#### Your objective
What you return must match, exactly, the lines running from the one containing "Watch Weaverfish Merdb" to the end of the data, both included, and must contain no pictures.

#### Given information
----

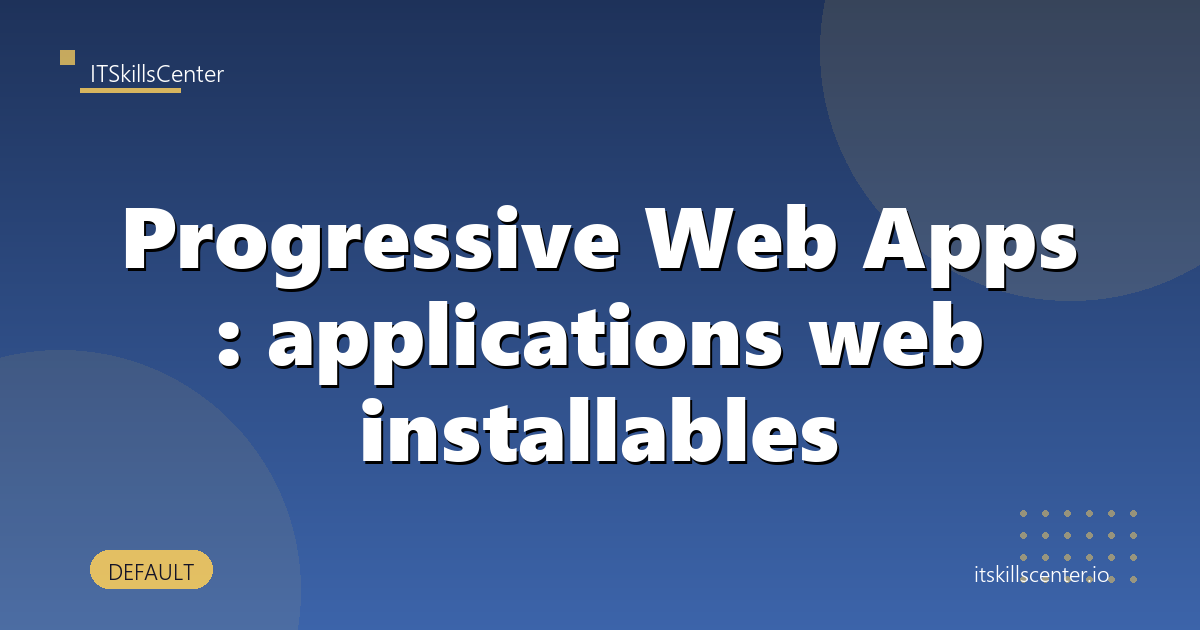 Progressive Web Apps : applications web installables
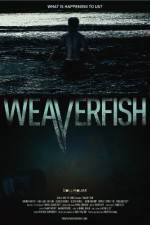 Watch Weaverfish Merdb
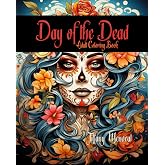 Day of the Dead: Adult Coloring Book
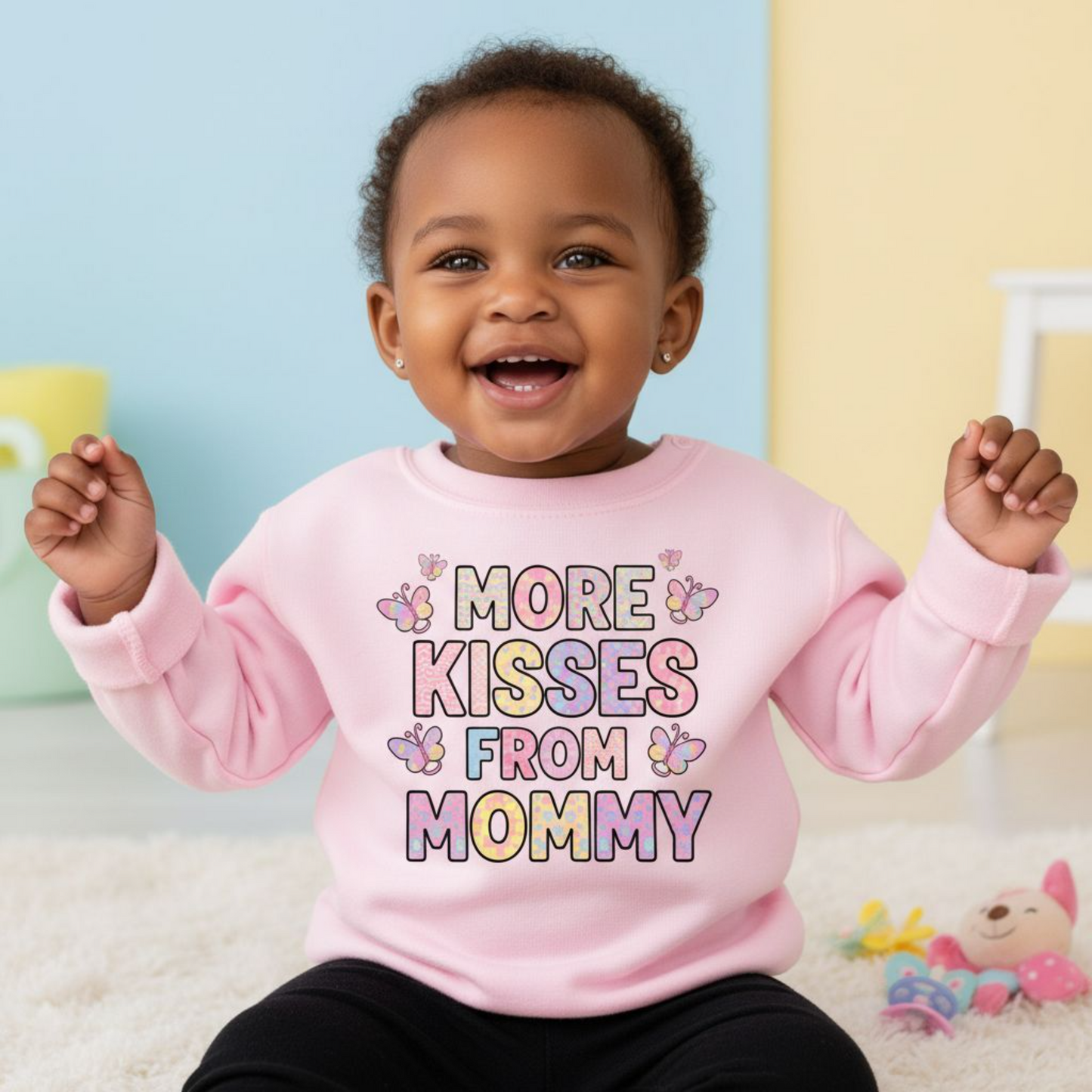 More Kisses from Mommy Sweatshirt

----

#### Written answer
 Watch Weaverfish Merdb
 Day of the Dead: Adult Coloring Book
 More Kisses from Mommy Sweatshirt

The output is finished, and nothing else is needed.